EDITORIALI


Conoscere il Corano
per non morire di Islam

di Ida Magli
Il Giornale | 21.08.2014


  Le reazioni dei nostri governanti, dei politici, perfino degli ecclesiastici, di fronte alla ossessionante presenza dei musulmani e delle loro gesta sul palcoscenico del mondo, sono veramente sorprendenti.  Tutti i giorni ormai da diversi anni l’Europa discute per un motivo o per l’altro di ciò che accade in Africa o in Medio Oriente, convoca i propri ministri degli Esteri e le Commissioni parlamentari apposite, ma non una sola volta (almeno a quanto ne riferiscono i giornali ) è stata concentrata l’attenzione su ciò cui credono i musulmani, sul loro libro sacro: il Corano. In Italia poi, dove se non altro a causa dell’invasione di islamici dovuta all’immigrazione, il problema è ormai diventato angoscioso e nessuno sa più come affrontarlo, i nostri leader appaiono e si comportano come degli analfabeti tanto da aver concordemente assegnato un unico nome alle migliaia di persone che sbarcano sulle nostre coste: i disperati. Non c’è definizione più sbagliata di questa: se lasciano la propria terra e si affidano a barconi sgangherati a rischio della vita è perché non sono affatto disperati ma al contrario sono sicuri che Allah li ricompenserà, perché è scritto nel Corano che il destino migliore spetta a chi emigra portando la fede in Maometto presso altri popoli, o a chi muore a questo scopo. La verità è che noi siamo come siamo sempre stati: sicuri che gli altri ci somiglino o che debbano assomigliarci. Siccome non siamo più credenti, o al massimo superficialmente credenti, pensiamo che anche la religiosità altrui sia più o meno altrettanto superficiale. In Europa, in Italia è difficile pensare che esista oggi qualcuno così credente da dare la vita per difendere il cristianesimo.  Il Papa infatti se n’è andato in Corea ad esaltare il martirio, anche se è evidente che dovrebbe predicarlo in Europa dato che presto sarà sopraffatta dall’islamismo (la battuta del parlamentare grillino, disposto a farsi saltare in aria per ottenere la liberazione del proprio paese, è appunto una battuta: nessuno ci crede, neanche lui. Chi si fa saltare in aria non dice battute).

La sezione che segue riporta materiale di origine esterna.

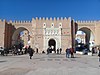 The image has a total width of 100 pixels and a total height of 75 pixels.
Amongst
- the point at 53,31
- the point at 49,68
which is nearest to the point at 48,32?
the point at 53,31

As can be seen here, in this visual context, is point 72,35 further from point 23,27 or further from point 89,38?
point 23,27

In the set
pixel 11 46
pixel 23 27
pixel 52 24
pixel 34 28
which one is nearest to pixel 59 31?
pixel 52 24

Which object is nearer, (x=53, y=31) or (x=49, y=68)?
(x=49, y=68)

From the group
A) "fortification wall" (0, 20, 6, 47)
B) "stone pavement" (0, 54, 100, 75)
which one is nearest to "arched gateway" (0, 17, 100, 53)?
"fortification wall" (0, 20, 6, 47)

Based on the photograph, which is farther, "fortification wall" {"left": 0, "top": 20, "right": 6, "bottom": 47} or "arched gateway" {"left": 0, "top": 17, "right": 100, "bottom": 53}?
"arched gateway" {"left": 0, "top": 17, "right": 100, "bottom": 53}

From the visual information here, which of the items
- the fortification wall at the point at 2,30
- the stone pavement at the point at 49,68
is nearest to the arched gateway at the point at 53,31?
the fortification wall at the point at 2,30

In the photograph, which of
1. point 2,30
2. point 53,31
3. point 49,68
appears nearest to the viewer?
point 49,68

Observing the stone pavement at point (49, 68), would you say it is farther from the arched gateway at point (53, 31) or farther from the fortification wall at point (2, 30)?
the fortification wall at point (2, 30)

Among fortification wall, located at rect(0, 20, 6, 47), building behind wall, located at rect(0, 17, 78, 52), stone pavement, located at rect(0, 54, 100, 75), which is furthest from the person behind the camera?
building behind wall, located at rect(0, 17, 78, 52)

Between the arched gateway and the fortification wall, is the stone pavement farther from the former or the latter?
the fortification wall

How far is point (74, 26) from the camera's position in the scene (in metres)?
52.8

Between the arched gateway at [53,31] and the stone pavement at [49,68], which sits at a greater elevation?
the arched gateway at [53,31]

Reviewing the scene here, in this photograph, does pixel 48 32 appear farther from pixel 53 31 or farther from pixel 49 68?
pixel 49 68

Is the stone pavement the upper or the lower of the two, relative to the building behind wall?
lower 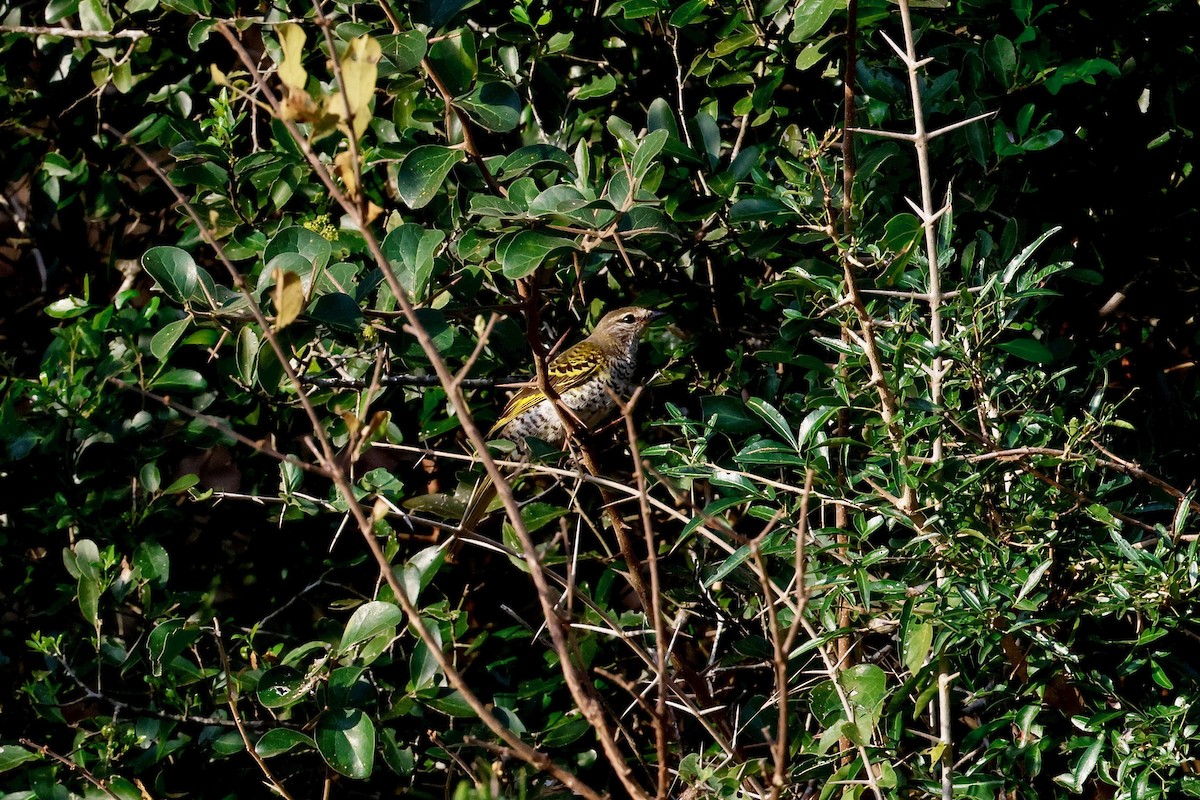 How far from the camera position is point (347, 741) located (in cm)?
267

 È questo invece un punto fondamentale dell’islamismo: deve diventare la sola religione esistente nel mondo. I nostri politici sono fuori dalla realtà quando parlano di “integrazione” degli immigrati, così come lo sono (anche se sembra un fatto quasi incredibile) i nostri vescovi, i nostri sacerdoti, perfino il nostro Papa quando si abbandonano alla speranza, al sogno del “dialogo”. Dialogo? Quale dialogo? Il Corano lo proibisce. Gli “infedeli”, ossia tutti coloro che non credono in Maometto, si debbono convertire, ma se non si convertono, sono dei nemici e devono essere trattati come nemici: “Io (il Signore) getterò il terrore nel cuore di quelli che non credono, e voi colpiteli sulle nuche (decapitateli) e recidete loro tutte le estremità delle dita.” (Sura VIII)

 Siamo costretti perciò a “sospettare” che i nostri governanti non abbiano mai letto il Corano. È come dire che vogliono parlare con gli stranieri usando la propria lingua, l’ italiano. Così, per esempio, nominano con disinvoltura prettamente occidentale e politicamente corretta una persona di sesso femminile e che, come tutti gli altri politici, ha una conoscenza superficiale della religione islamica, alla carica di ministro degli esteri. Lo fanno con una tale sicurezza che potrebbe perfino indurre a ridere, se non si trattasse di una cosa importantissima e che riguarda il nostro destino. I nostri problemi più gravi, infatti, quelli affidati alla bravura della diplomazia, sono quasi totalmente problemi con paesi non occidentali: Africa, India, Medio Oriente. Paesi in cui le donne sono considerate inferiori agli uomini, impure, intoccabili, come appunto per i musulmani. Con quale buon senso si può mandare a “trattare” affari importantissimi, che riguardano gli Stati, una persona cui nessun Capo stringerà la mano per non contaminarsi?

 È evidente, dunque, che oggi il problema islamico è per l’Occidente, ma in particolare per l’Italia, data la sua posizione geografica e data la presenza del Papato, non soltanto il più grave, ma il più sottovalutato. Non si può più perdere neanche un minuto: cominciamo dal Corano.